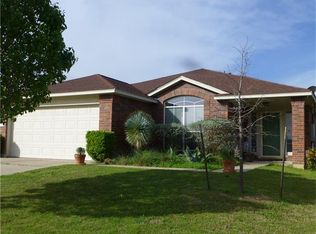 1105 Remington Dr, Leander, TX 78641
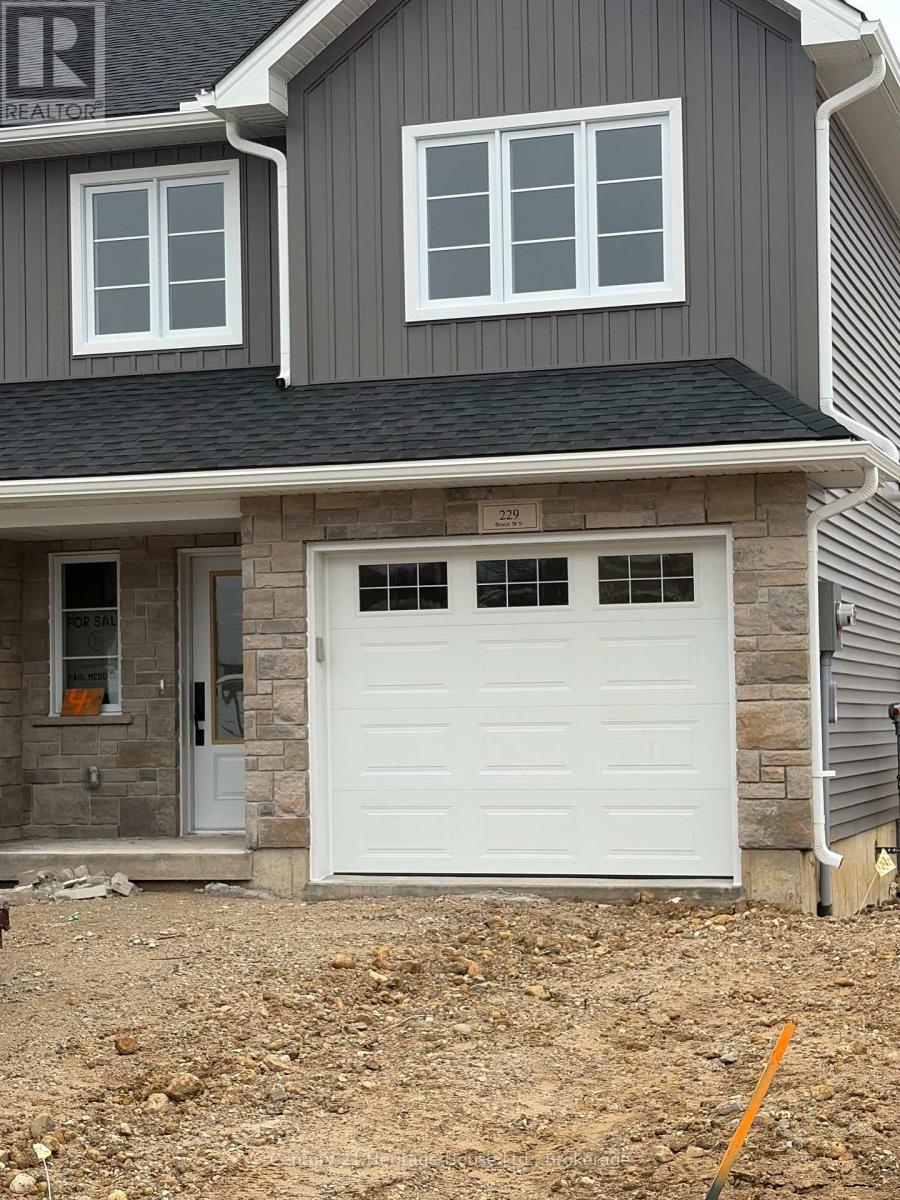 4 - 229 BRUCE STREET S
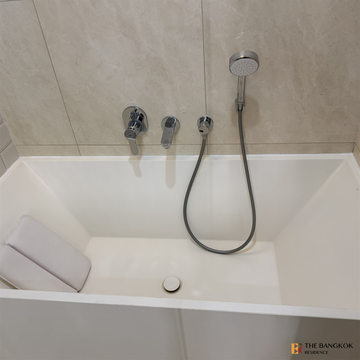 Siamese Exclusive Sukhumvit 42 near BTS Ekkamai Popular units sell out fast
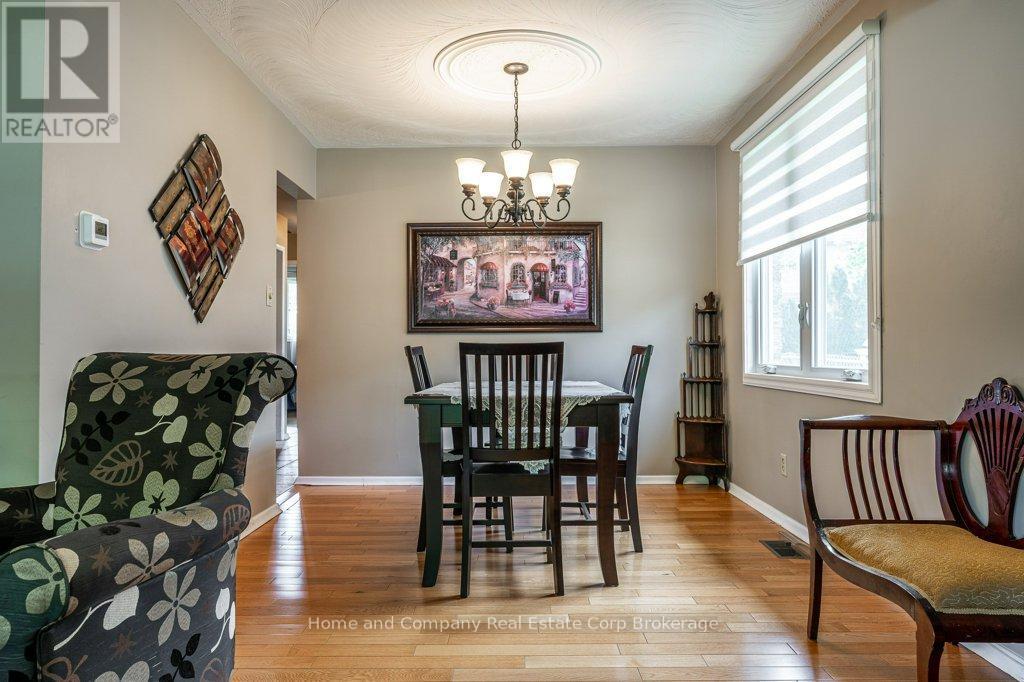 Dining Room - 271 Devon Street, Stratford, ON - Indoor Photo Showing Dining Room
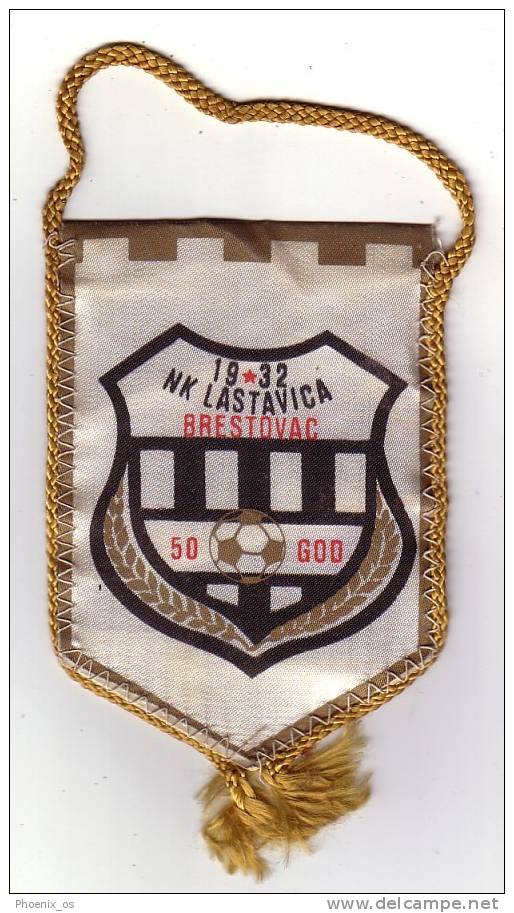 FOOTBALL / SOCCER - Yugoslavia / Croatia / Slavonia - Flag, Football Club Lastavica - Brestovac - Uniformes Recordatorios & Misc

┄┄┄┄┄┄┄┄┄┄

Task statement → Go through the data above and print exactly the lines from its first line through the line holding "Dining Room - 271", both included, leaving pictures aside.

Output of the task →
 1105 Remington Dr, Leander, TX 78641
 4 - 229 BRUCE STREET S
 Siamese Exclusive Sukhumvit 42 near BTS Ekkamai Popular units sell out fast
 Dining Room - 271 Devon Street, Stratford, ON - Indoor Photo Showing Dining Room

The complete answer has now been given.